When the number of holes is extremely small, it is slightly high, becomes low when the number is constant, and then gradually increases as the number of holes increases.

In this embodiment, since a large number of holes 42a and 52a are formed adjacent to each other on the circumference of the molded parts 42 and 52, the impact when the pin 82 is fitted is extremely small, and the chatter is The life of the king mechanism can be extended.

Although the above-described embodiments have been explained using an optical disk device as an example, it goes without saying that the present invention can be similarly applied to other disk devices such as magnetic disks and magneto-optical disks.

[0036]

As described above, according to the present invention, the hub mechanism is constructed of a core part made of a magnetic material and a molded part made of a synthetic resin.
The overall weight is reduced and the load on the spindle motor is reduced.
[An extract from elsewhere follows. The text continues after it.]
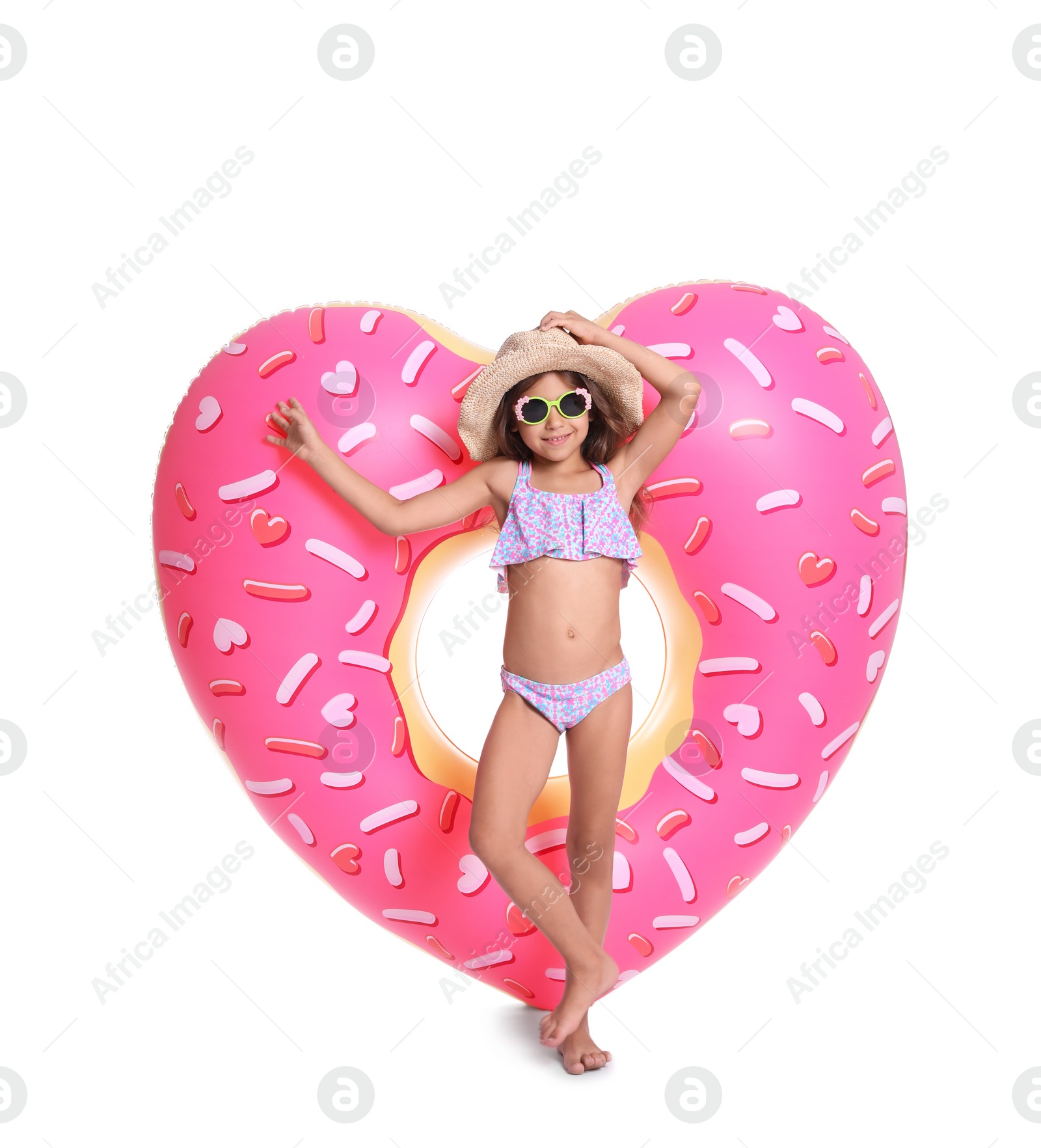 Photo of Cute little girl with inflatable heart on white background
In addition, we formed a hole in the synthetic resin mold part to fit the chucking pin, making it easier to process and reducing processing costs. Since a large number of holes are formed, mechanical impact is reduced when the holes and pins fit together, and the durability of the chucking mechanism is improved.

[Brief explanation of the drawing]

FIG. 1 is a partial cross-sectional view of a chucking section of an optical disc device according to an embodiment of the present invention.

FIG. 2 is an external perspective view of the hub.

FIG. 3 is a graph showing the relationship between the number of chucking holes and the life of the chucking part.

FIG. 4 is an external perspective view of a conventional hub.

[Explanation of symbols]

3. Optical disc 4,5 Hub 41, 51 Core metal part 42, 52 Mold part 6 Spindle motor 61 axis 41a, 41c, 52a holes 41b, 42a, 52a holes 7 Screws 8 Turntable 81 Magnet 82 pin 83 Leaf spring

Claims (2)

[Claims] Claim 1: In a disk hub mechanism that is fixed at the center of the disk, which is an information storage medium, and is chucked by a turntable when the disk is rotated, the entire disk is shaped like a disk, and the center portion is It has a core metal part made of magnetic material and has a hole that fits into the rotating shaft of the turntable side, and a disk is fixed around the core metal part and fixed to the outer edge part, and it is made of synthetic resin. A disk hub mechanism comprising a molded portion. 2. The mold part is characterized in that a large number of holes are formed adjacent to each other on the circumference at a constant radius from the center, into which chucking pins on the turntable side are fitted. Hub mechanism for the disc described.